#### Input data

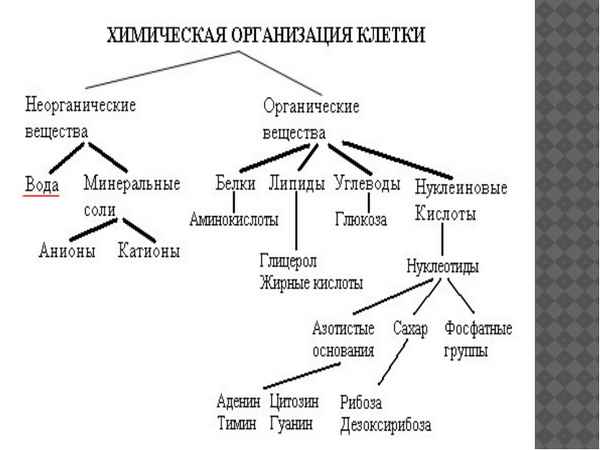 
    Цикл уроков по теме "Химическая организация клетки" (З урока)

      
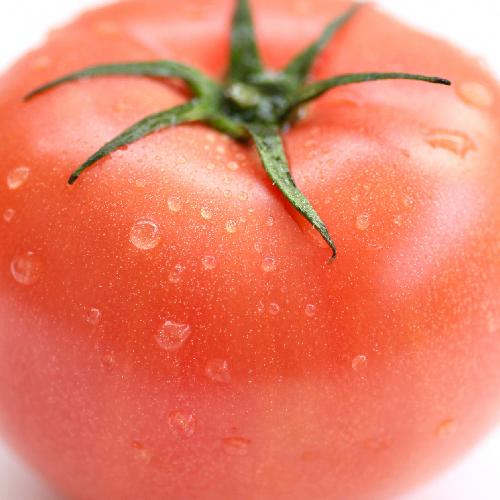 新潟産トマト「りんか409」2kg/近藤菜園/送料無料｜niigata-shop｜04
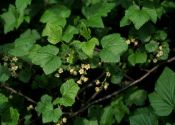 Ribes nigrum L. attēls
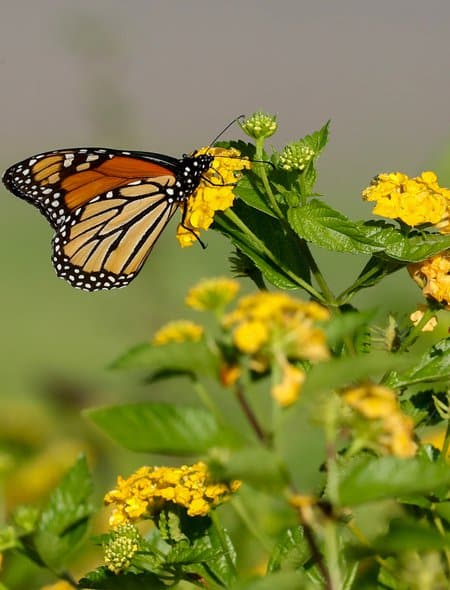 Monarch butterfly on milkweed.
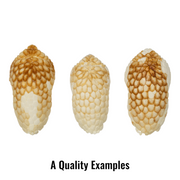 Real Nine-banded Armadillo Skull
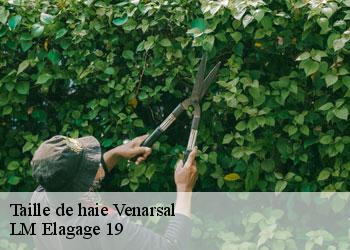 Taille de haie 19360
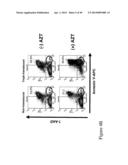 THYMIDYLATE KINASE FUSIONS AND USES THEREOF diagram and image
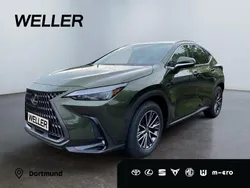 Gruen Neu 2025 Lexus NX450h+ Business Edition SUV | 56.070 € (Fairer Preis)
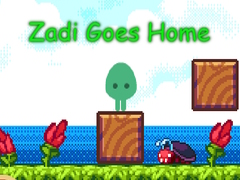 Gioco Zadi Goes Home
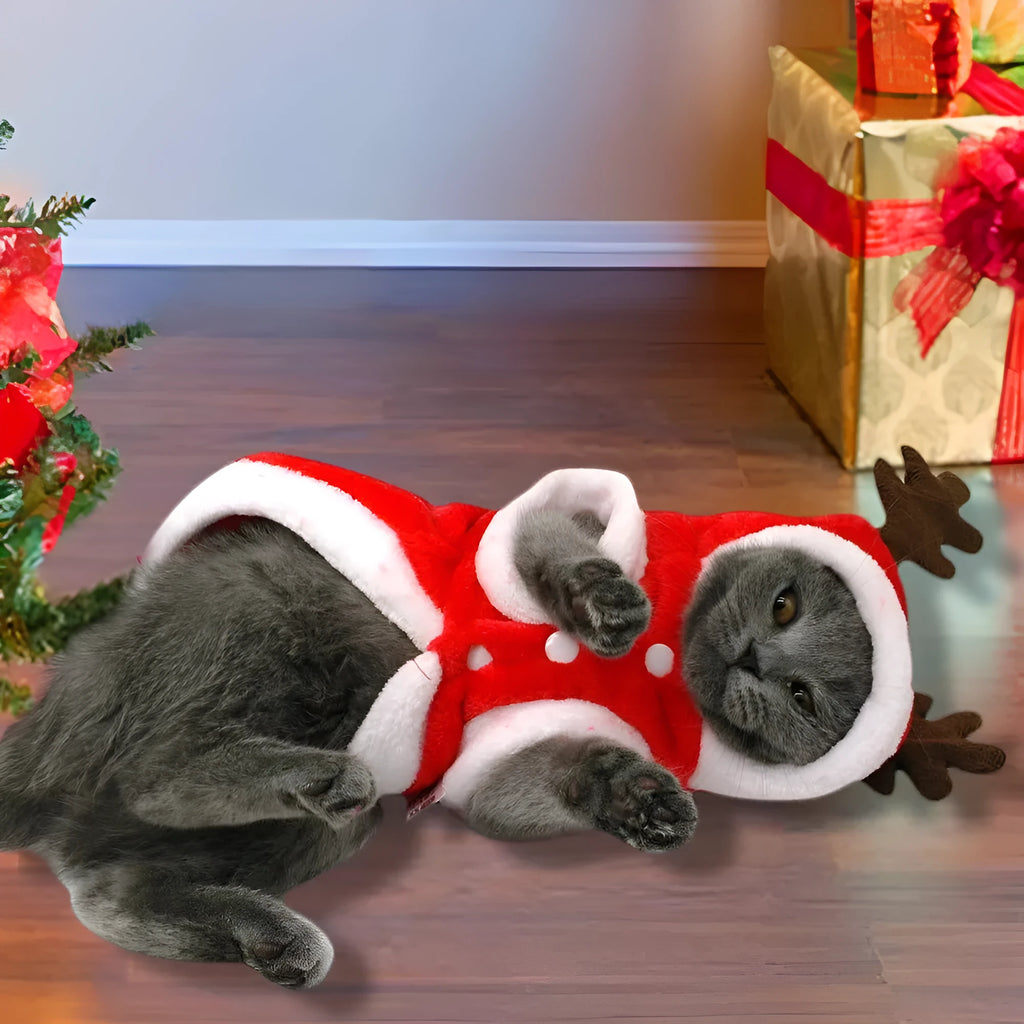 Red flannel Santa dog costume for small dogs, with size options from XS to 2XL. Folded product shown on white background.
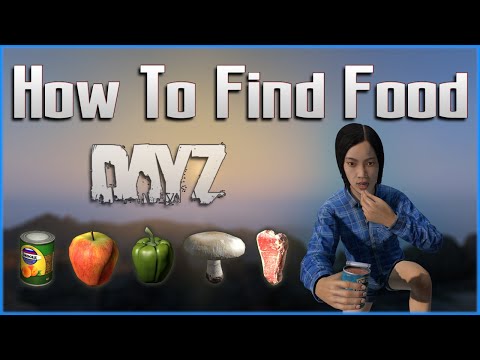 How to Find Food and Water in DayZ - PC / Xbox / PS - Where to Quickly and Easily Get It!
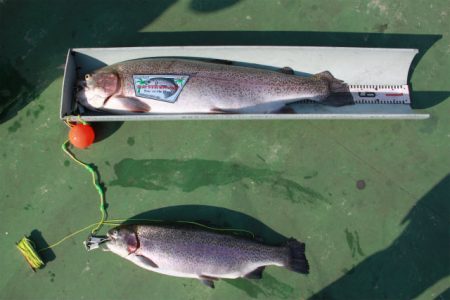 としまえんフィッシングエリア 釣果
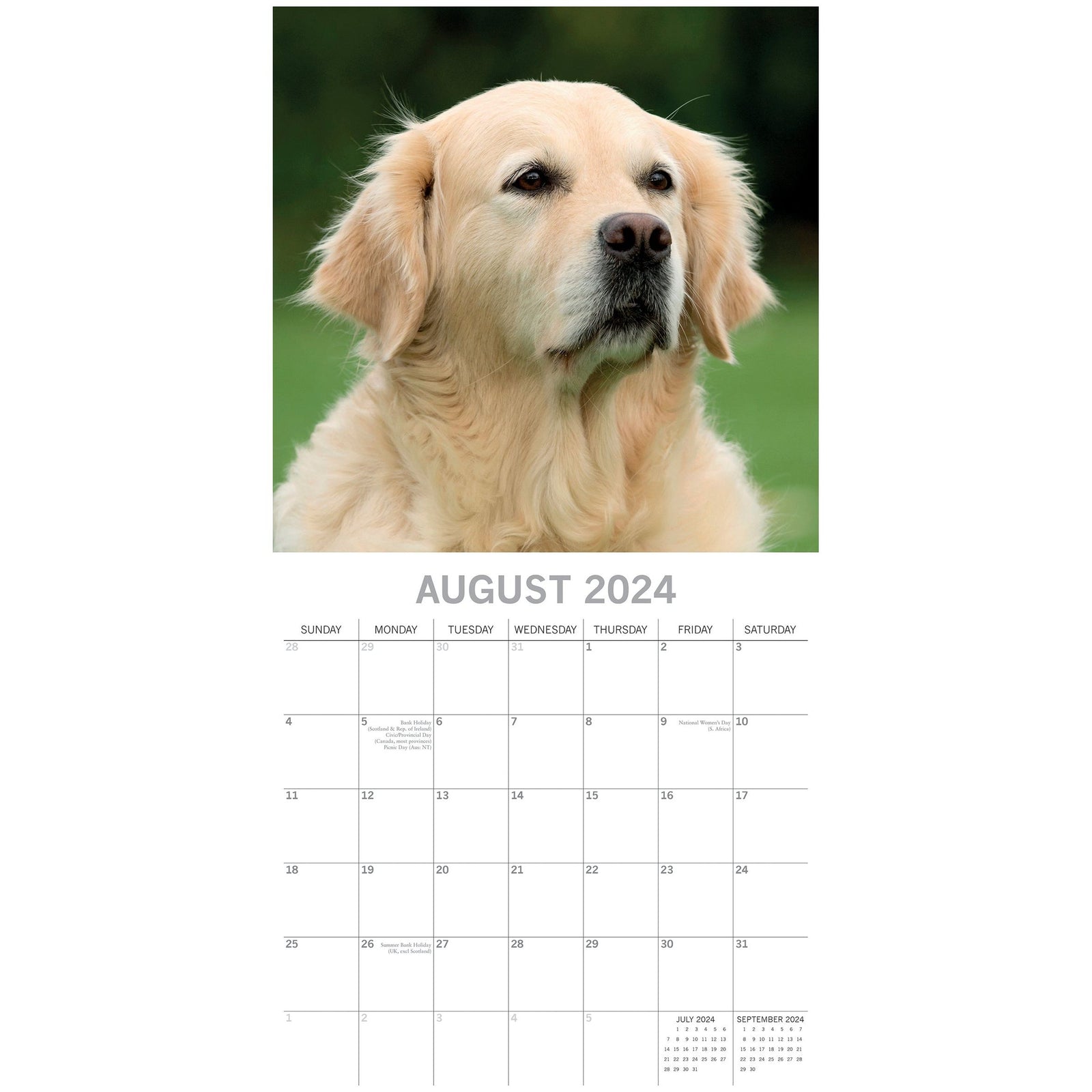 Golden Retrievers - 2024 Square Wall Calendar Pets Dog 16 Months Premium Planner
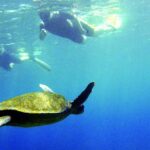 Info Galápagos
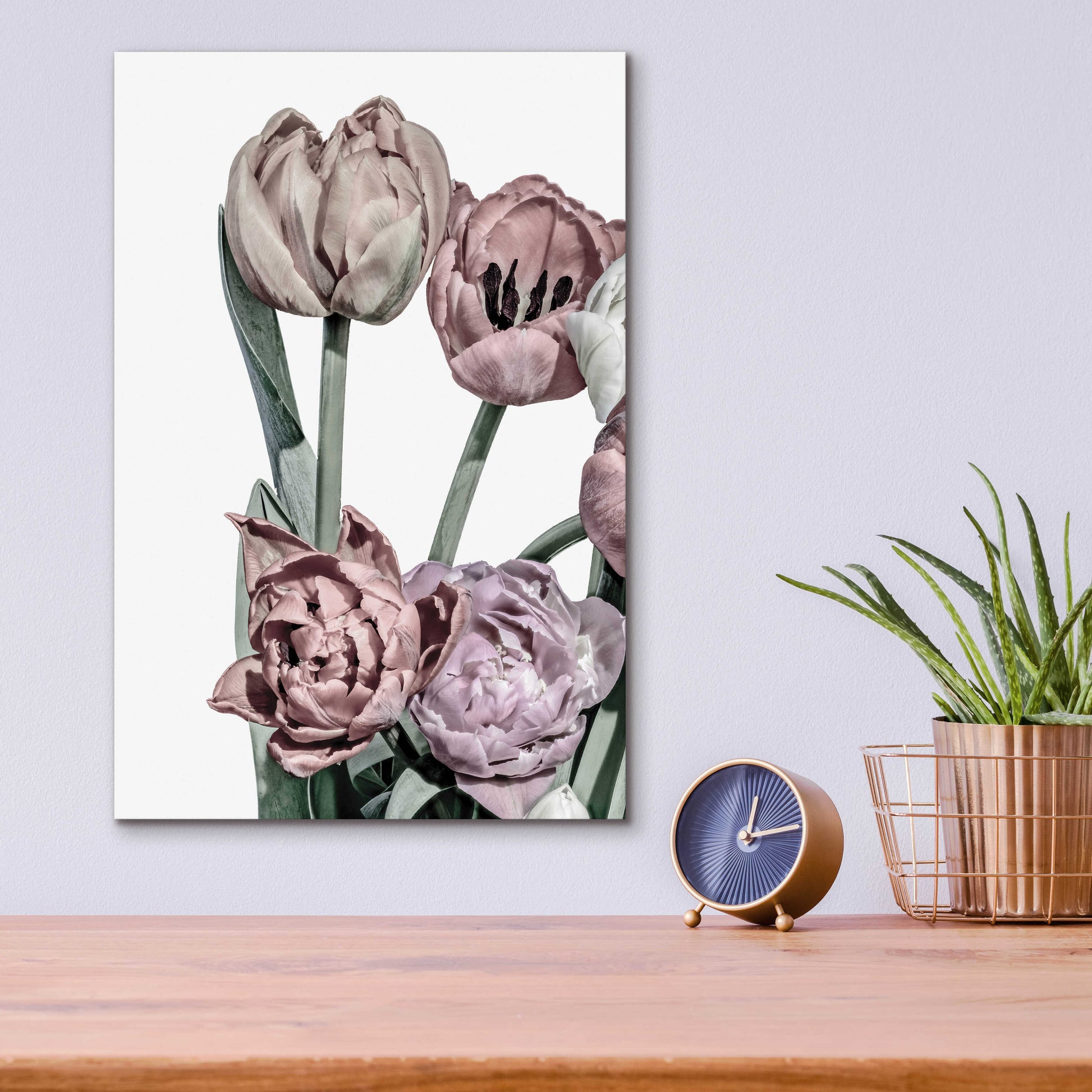 Epic Art 'Tulips Bright 2' by Design Fabrikken, Acrylic Glass Wall Art,12x16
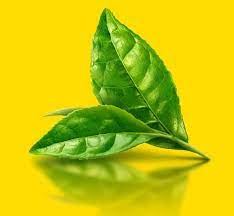 Flower Plants Photography Michael Wepplo Digital Dimensions Plant Photography Tea Leaves Leaf Photography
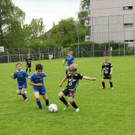 IMG_2319.jpg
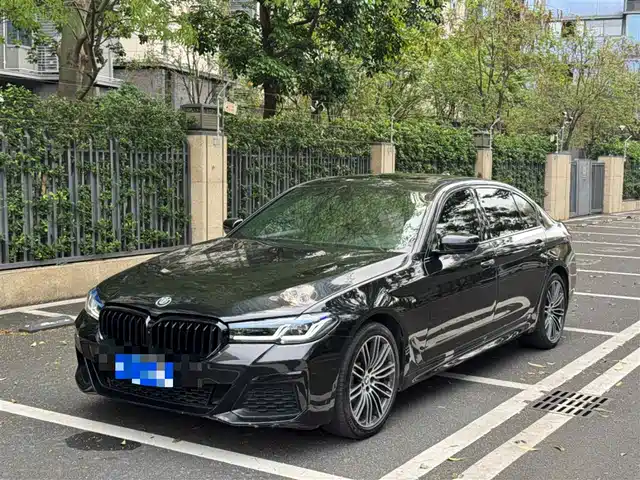 BMW 5 SERIES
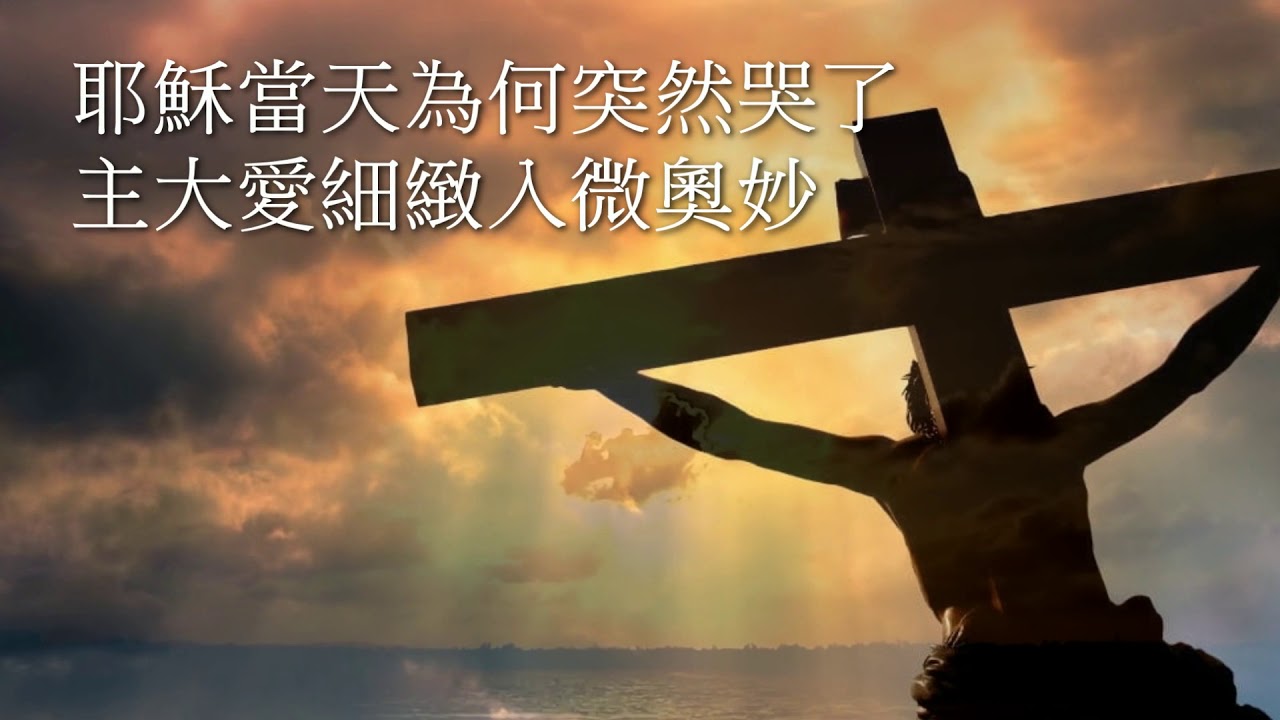 粵語詩歌 - 耶穌為何哭了 - 願主賜香港平安 - 香港之歌 Official MV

#### Work required
Go back to the line that contains "How to Find" and copy it, along with each line after it through the end of the listing above, exactly and without pictures.

#### Exercise solution
 How to Find Food and Water in DayZ - PC / Xbox / PS - Where to Quickly and Easily Get It!
 としまえんフィッシングエリア 釣果
 Golden Retrievers - 2024 Square Wall Calendar Pets Dog 16 Months Premium Planner
 Info Galápagos
 Epic Art 'Tulips Bright 2' by Design Fabrikken, Acrylic Glass Wall Art,12x16
 Flower Plants Photography Michael Wepplo Digital Dimensions Plant Photography Tea Leaves Leaf Photography
 IMG_2319.jpg
 BMW 5 SERIES
 粵語詩歌 - 耶穌為何哭了 - 願主賜香港平安 - 香港之歌 Official MV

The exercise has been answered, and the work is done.